Despite the current negative funding rate, it is critical to note that this does not inherently indicate an impending decline for Bitcoin. Instead, establishing a sustainable bullish momentum will likely hinge on a reduction in macroeconomic uncertainty that presently looms large over the markets. The interplay between investor sentiment, macroeconomic indicators, and market performance will be crucial in determining Bitcoin's trajectory in the near future.
As the market navigates through these turbulent waters, the sentiment surrounding Bitcoin and its future remains a topic of keen interest. The ongoing struggle to maintain its value and the challenges posed by external economic factors will continue to shape the discourse around Bitcoin. Investors are left weighing the risks and rewards in an environment defined by uncertainty and shifting dynamics in the tech sector and beyond.
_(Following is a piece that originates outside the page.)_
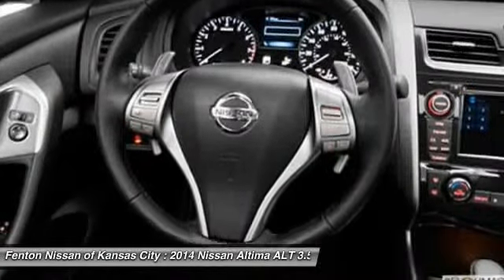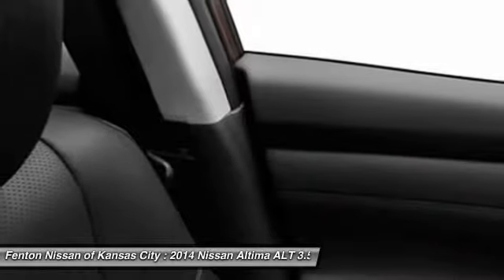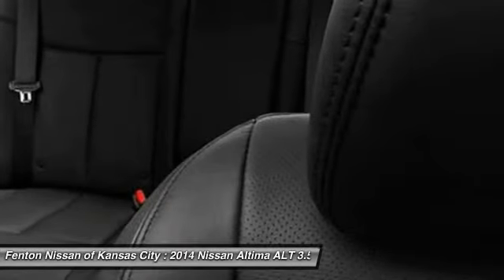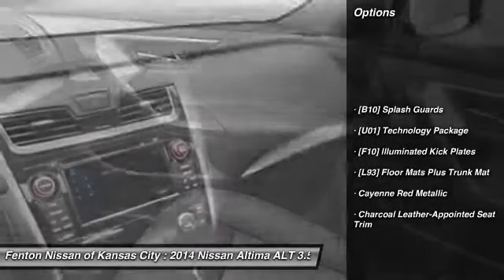Combine that with the powerful V6 or efficient four-cylinder engine, six standard airbags, and over 5,000 quality and performance tests, and you'll see the Nissan Altima is made to drive and built to last. Here are some of this vehicle's great options: front and rear splash guards.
While the current landscape presents challenges for Bitcoin, it also offers an opportunity for traders and investors to reassess their strategies. The potential for recovery and growth remains, but it will require a careful analysis of market conditions and a strategic approach to navigating the complexities of the financial landscape. Market participants are urged to keep a close eye on developments in the AI sector, macroeconomic indicators, and broader market trends as they chart their path forward.